The campaign-- "Drive Now. Text Later." -- will try to make more drivers aware of the dangers involved when talking or texting while behind the wheel. The idea comes after the state says it looked at an online survey that showed that 40 percent of Illinois Tollway drivers do not know that it is illegal to text or e-mail while driving on Illinois roads--this after hundreds of accidents where texting or e-mail became part of a factor of causing those crashes.
Officials say they had no choice but to warn the public.
"This new challenge comes as a result of technology, and at face value, nothing really inherently dangerous, just your cell phone or your Blackberry. Let's be honest, texting and e-mailing isn't going to go away anytime soon and neither is talking on the phone," said Kristi Lafleur, Illinois Tollway Authority executive director.
January 1, 2011, marked the one-year anniversary of the state law that prohibits sending or reading text messages while driving in Illinois.
The public awareness campaign will include posters, billboards, as well as a website warning drivers about driving while distracted. It's a partnership involving several state agencies and also a trooper who was injured by a distracted driver on February 27 of last year while conducting a traffic stop.

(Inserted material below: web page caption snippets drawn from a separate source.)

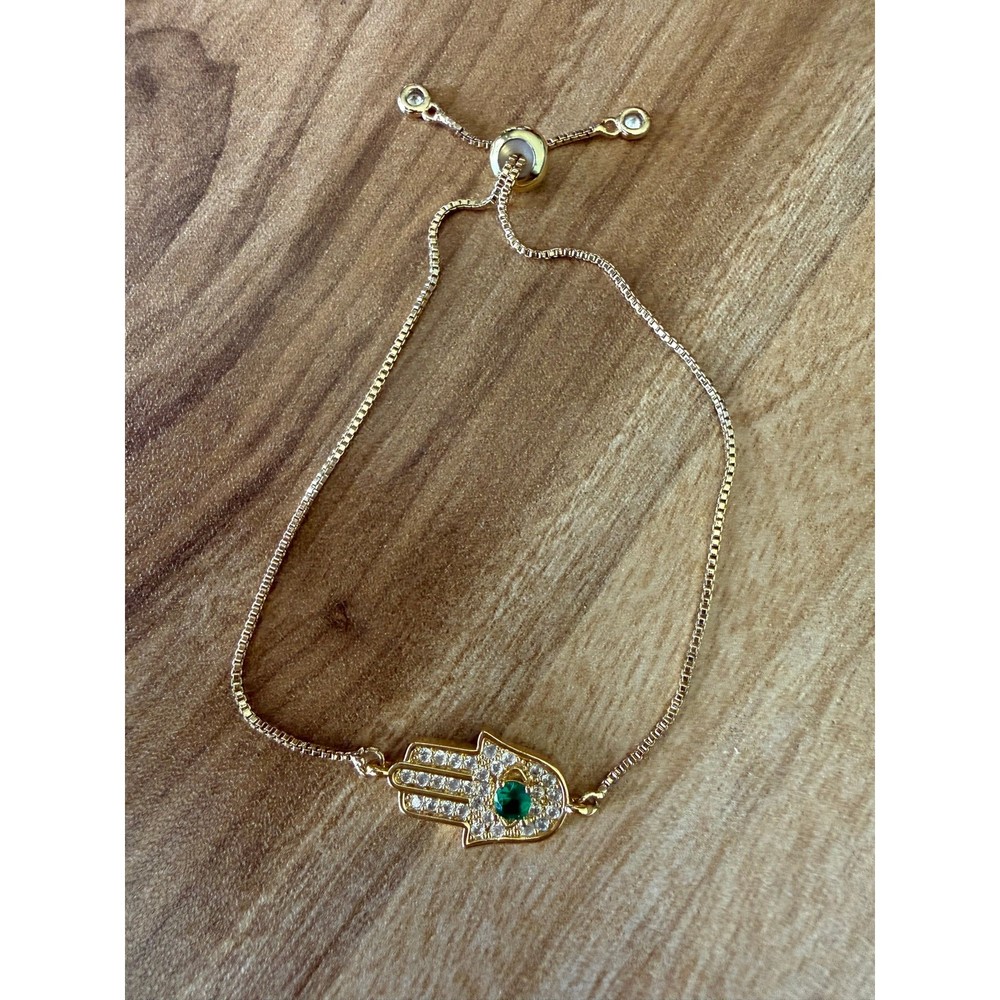 EYE CANDY LOS ANGELES Hamsa Gold & Green Pendant Skinny Chain Bracelet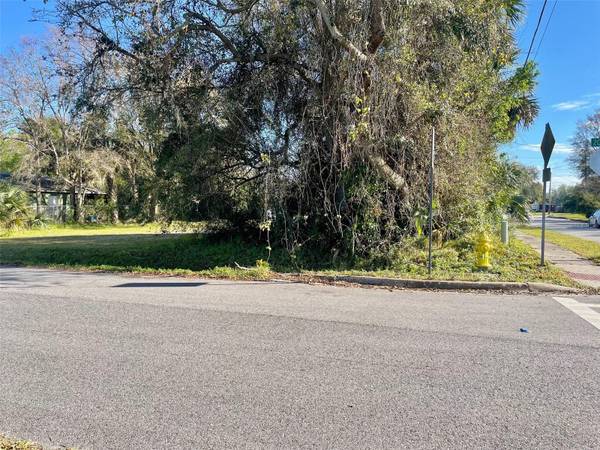 E 20TH ST, Sanford, FL 32771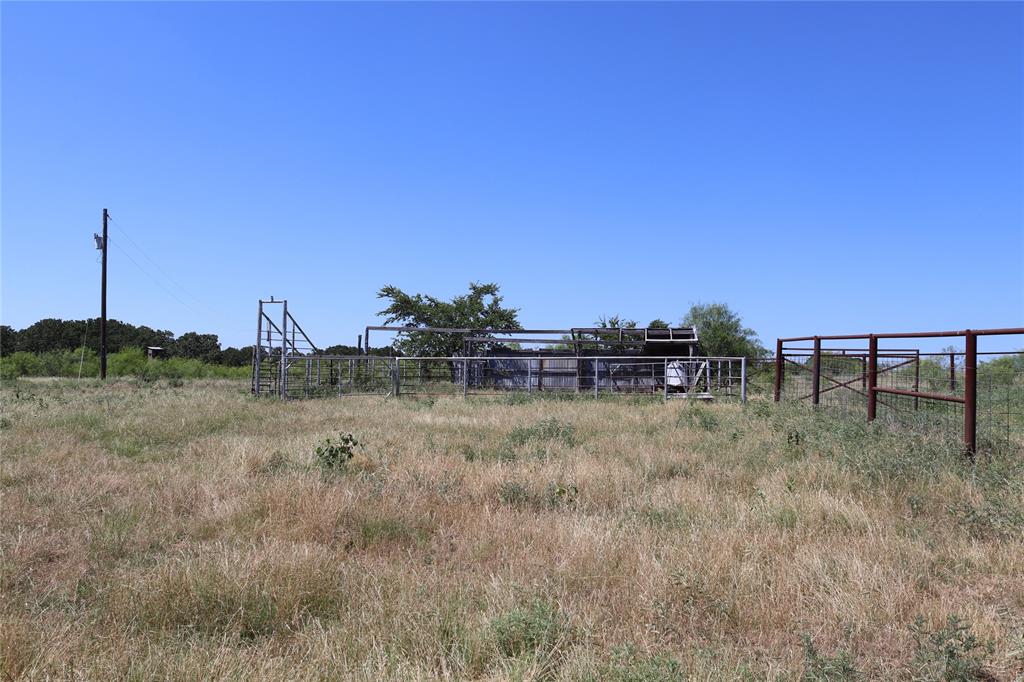 1878 Feed Road Bellevue, TX 76228 - Photo 15 of 23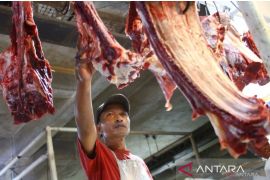 KPPU Surabaya waspadai praktik monopoli kenaikan komoditas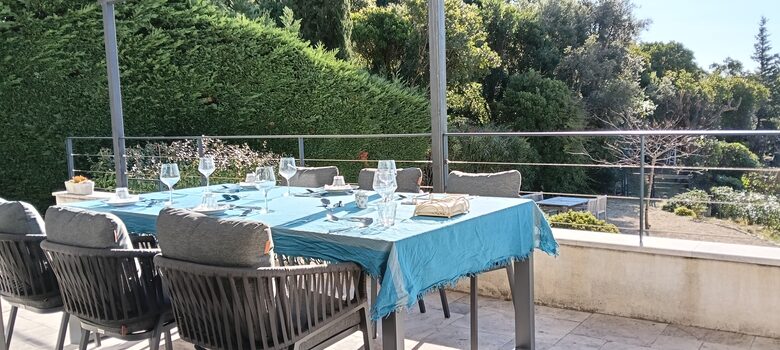 Sea-View Villa Above the Gulf of Saint-Tropez - Les Issambres, France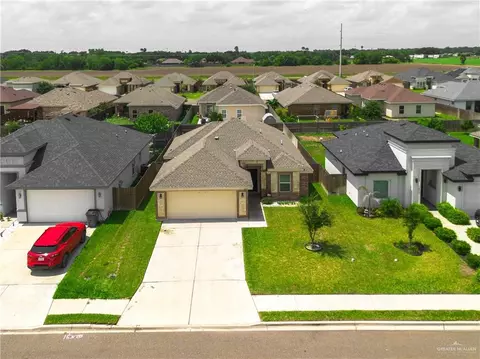 1203 Grandeur Dr, Alamo, TX 78516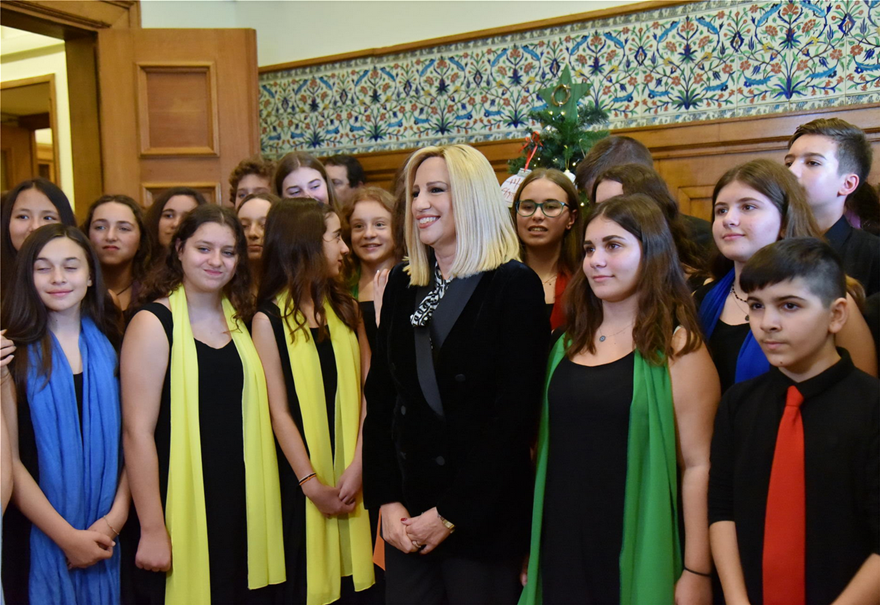 Φ.Γεννηματά: «Η μαγεία των Χριστουγέννων είναι μια ευκαιρία να δώσουμε και να πάρουμε αγκαλιές»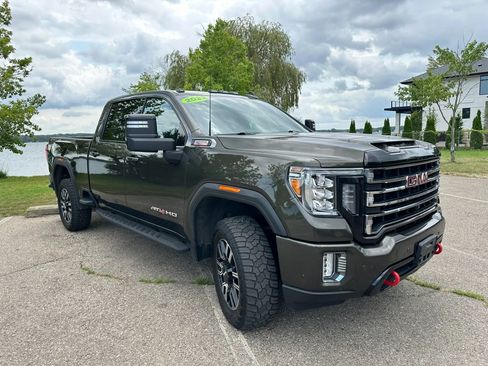 Used 2022 GMC Sierra 3500 AT4 w/ AT4 Premium Plus Package AWD/4WD image 3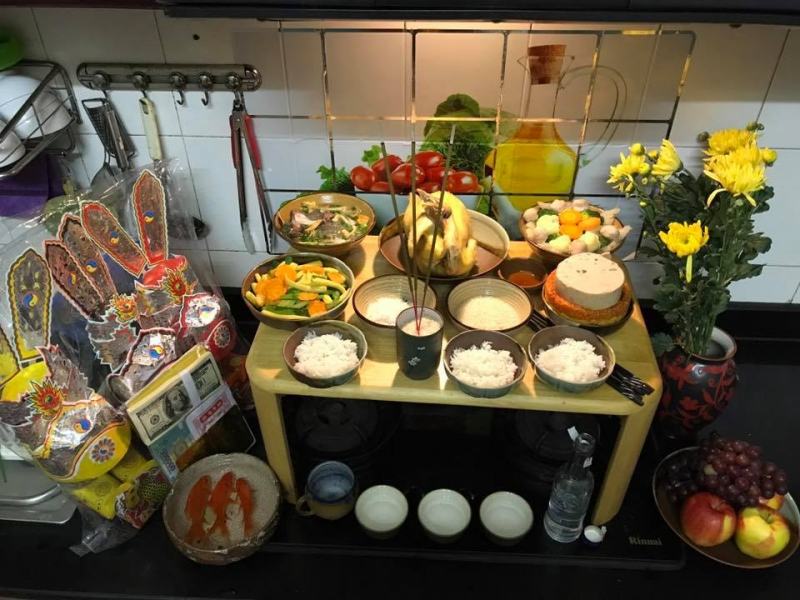 Nhiều gia đình cúng ở nhà bếp - là nơi ông bà Táo sinh sống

"It's very important because a lot of people were affected," said Illinois State Trooper Starlena Wilson. "My family was affected. I was affected, and I just want people to know that when you are behind the wheel, you should pay attention to driving only. The text message can wait."

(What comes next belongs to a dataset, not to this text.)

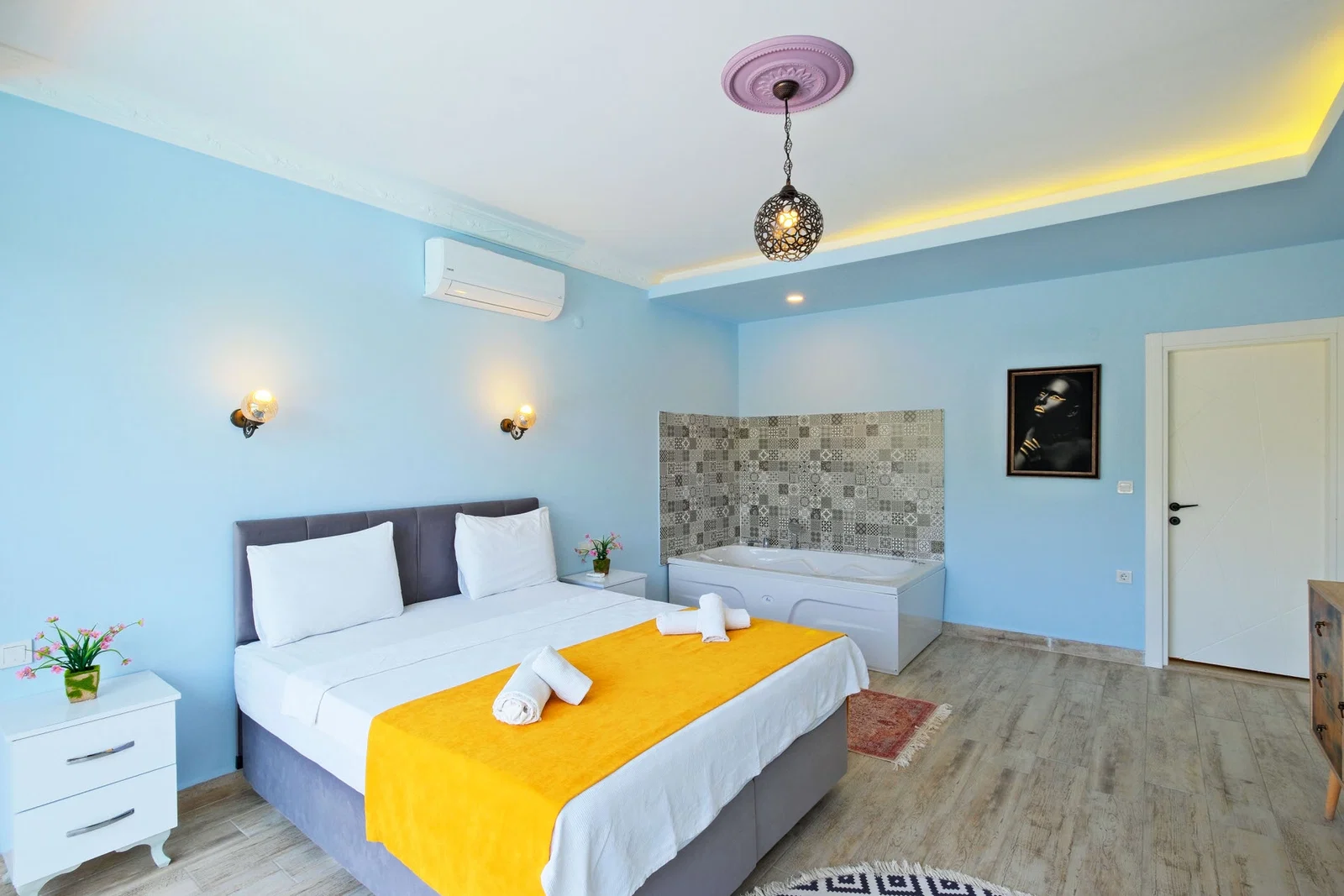 Fethiye’de Korunaklı, Çocuk Havuzlu, Jakuzili, Kiralık Villa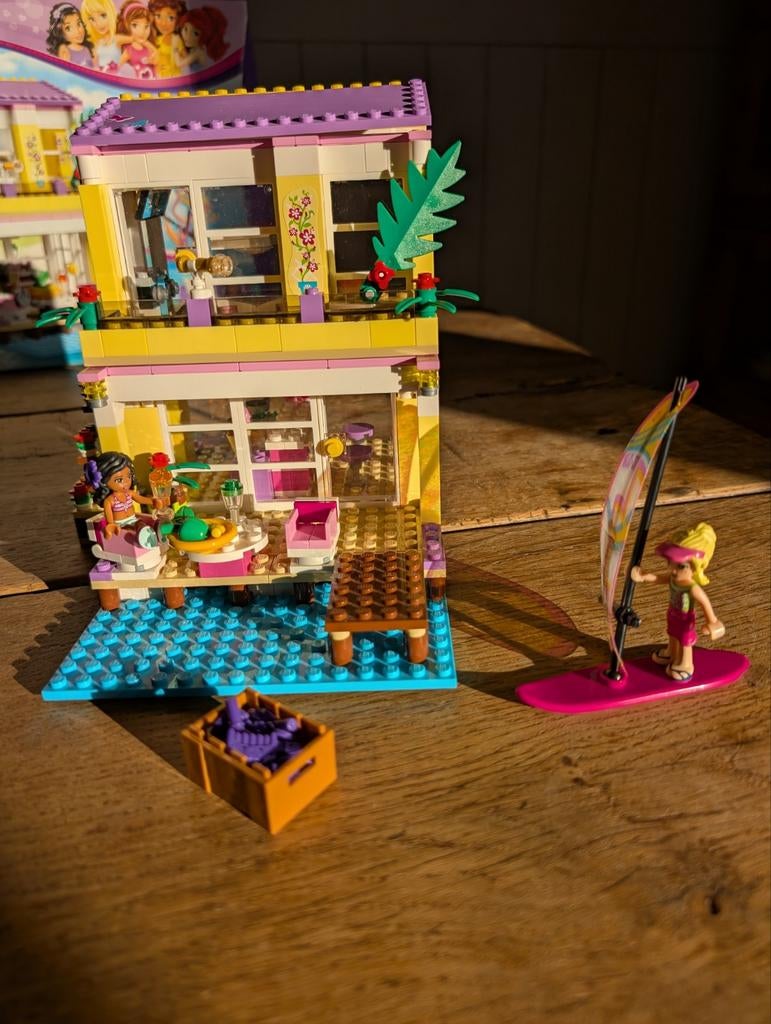 Lego Friends strandhuis 41037 (bijna) COMPLEET, Ophalen of Verzenden, Zo goed als nieuw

The February 27, 2010 accident left Wilson with a fractured leg, a broken hip and other serious injuries. After nearly a year of recovery, she's back on the job in an administrative role as several Illinois agencies band launch an effort to increase awareness about the dangers of texting while driving.
"Not only is it dangerous, but it's not illegal in the state of Illinois," said Lafleur.

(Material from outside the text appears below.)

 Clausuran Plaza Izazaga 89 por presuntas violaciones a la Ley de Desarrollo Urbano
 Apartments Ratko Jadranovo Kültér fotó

Campaign officials hope to especially target the 40 percent of Tollway drivers. A recent online survey showed did not know texting while driving was against the law in Illinois.
"They're thinking about what they are going to say. They're concerned about their sentence structure and their spelling and then they have the keys. The question is who's driving the car? No one," said Jesse White, Illinois Secretary of State.
Preliminary data in Illinois indicates that in the first half of 2010 alone cell phone distractions including texting were the primary or secondary cause of more than 500 vehicle crashes. In 2009, cell phone distractions caused nearly 1,300 accidents. That's an increase of more than 9 percent over 2008.
"Out there on the roadway, it takes your mind off of the road, your hands off the wheel and your eyes off of driving," said Beth Mosher, AAA Chicago.
While the public awareness campaign features a website along with posters at tollbooth, oases, and rest stops, Trooper Wilson hopes to be a living example distracted motorists will heed.
"When you are behind the wheel to pay attention to driving. The text message can wait," said Wilson.
Wilson says she would like to eventually return to field work, but doesn't know when they might be. The driver who struck her was convicted of aggravated reckless driving and sentenced to six months in prison.